When participants elect to defer amounts into the Deferred Compensation Plan, they must also select when the amounts ultimately will be distributed to them. Distributions may either be made in a specific year, whether or not employment has then ended, or after the executive's retirement or termination.

Participants who elect to have distributions made in a specific year must choose a payout date that is at least three years after the date of the first deferral election, and can elect to receive a single, lump-sum payment or up to five annual installments. Distributions begin as soon as practicable after February 28 of the elected calendar year. Participants who elect to have distributions made at retirement or termination can elect to receive a single, lump-sum payment or up to ten annual installments. Payments commence as soon as practicable after February 28 of the year following termination of employment, unless they are considered a "key employee" under Section 409A of the Internal Revenue Code, in which case payment is delayed at least six months after date of termination.


Aon Supplemental Savings Plan ("Supplemental Savings Plan")


The named executive officers may, similar to all U.S. employees hired in 2004 or later, participate at their election in the Aon Savings Plan, a defined contribution 401(k) plan (the "Aon Savings Plan"). The Aon Supplemental Savings Plan was created to provide matching and other company allocations similar to those that participants in the Aon Savings Plan would have received had the Internal Revenue Code limits not restricted contributions under the Aon Savings Plan. Participants eligible for Aon Savings Plan matching contributions who are active at the end of the plan year and who attain the IRS 401(k) contribution limit and compensation limit (or participate in the Deferred Compensation Plan) receive supplemental allocations to the Supplemental Savings Plan based on their years of service and their match eligible compensation in excess of the IRS limit or Deferred Compensation Plan deferrals (to a combined plan limit of $500,000). Distributions from the Supplemental Savings Plan must begin at the earlier of retirement or age 65.

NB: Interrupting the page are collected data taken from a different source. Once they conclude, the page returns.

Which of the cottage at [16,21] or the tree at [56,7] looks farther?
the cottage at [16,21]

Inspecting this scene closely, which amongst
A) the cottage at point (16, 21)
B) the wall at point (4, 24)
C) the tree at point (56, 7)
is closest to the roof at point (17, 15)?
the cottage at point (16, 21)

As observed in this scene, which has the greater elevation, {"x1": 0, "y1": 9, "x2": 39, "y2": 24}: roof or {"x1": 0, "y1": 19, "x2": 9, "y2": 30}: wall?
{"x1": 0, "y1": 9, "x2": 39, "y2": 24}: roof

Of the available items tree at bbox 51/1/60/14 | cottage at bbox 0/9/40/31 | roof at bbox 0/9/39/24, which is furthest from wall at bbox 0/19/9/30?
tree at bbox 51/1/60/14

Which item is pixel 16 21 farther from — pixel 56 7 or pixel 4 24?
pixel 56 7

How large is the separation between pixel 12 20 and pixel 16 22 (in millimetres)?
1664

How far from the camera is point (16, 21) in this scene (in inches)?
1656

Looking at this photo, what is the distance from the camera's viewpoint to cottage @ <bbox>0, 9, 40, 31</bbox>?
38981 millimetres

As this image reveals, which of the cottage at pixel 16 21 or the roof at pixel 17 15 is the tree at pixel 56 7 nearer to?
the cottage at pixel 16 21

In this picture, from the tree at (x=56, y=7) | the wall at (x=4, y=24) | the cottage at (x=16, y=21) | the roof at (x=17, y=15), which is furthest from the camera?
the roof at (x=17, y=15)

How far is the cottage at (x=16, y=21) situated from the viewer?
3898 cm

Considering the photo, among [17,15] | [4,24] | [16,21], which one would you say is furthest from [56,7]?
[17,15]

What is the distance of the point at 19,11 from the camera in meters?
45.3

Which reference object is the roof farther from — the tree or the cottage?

Each of the named executive officers participated in the Supplemental Savings Plan in 2014. If the named executive officer contributes the maximum permissible amount to the Aon Savings Plan, the Supplemental Savings Plan provides for a company allocation as a percentage of compensation in excess of the IRS limit ($260,000 in 2014), with such compensation capped at $500,000. The percentage allocation varies by length of service but in the first four years of employment the allocation percentage is 3% and increases to 6% after 15 years of service. Aon made the following allocations for 2014 to the respective accounts of each of Mr. Case, Ms. Davies, Mr. McGill, Ms. Savacool and Mr. Lieb: a matching contribution to each named executive officer's account under the Aon Savings Plan of $15,600, and an allocation to the Aon Supplemental Savings Plan account of $9,600.

Going forward, each of the named executive officers will continue to be eligible for the Aon Savings Plan and the associated Supplemental Savings Plan.

POTENTIAL PAYMENTS ON TERMINATION OR CHANGE-IN-CONTROL

Severance Agreements


Aon has entered into severance agreements, as amended, which we refer to as "Tier 1 Agreements," with certain of its key executive officers, including each of the named executive officers. We refer to these officers as "Tier 1 Executives."

The Tier 1 Agreements are intended to secure the continued service and to ensure the dedication and objectivity of the Tier 1 Executives in the event of an actual or threatened change-in-control (as defined below) of Aon.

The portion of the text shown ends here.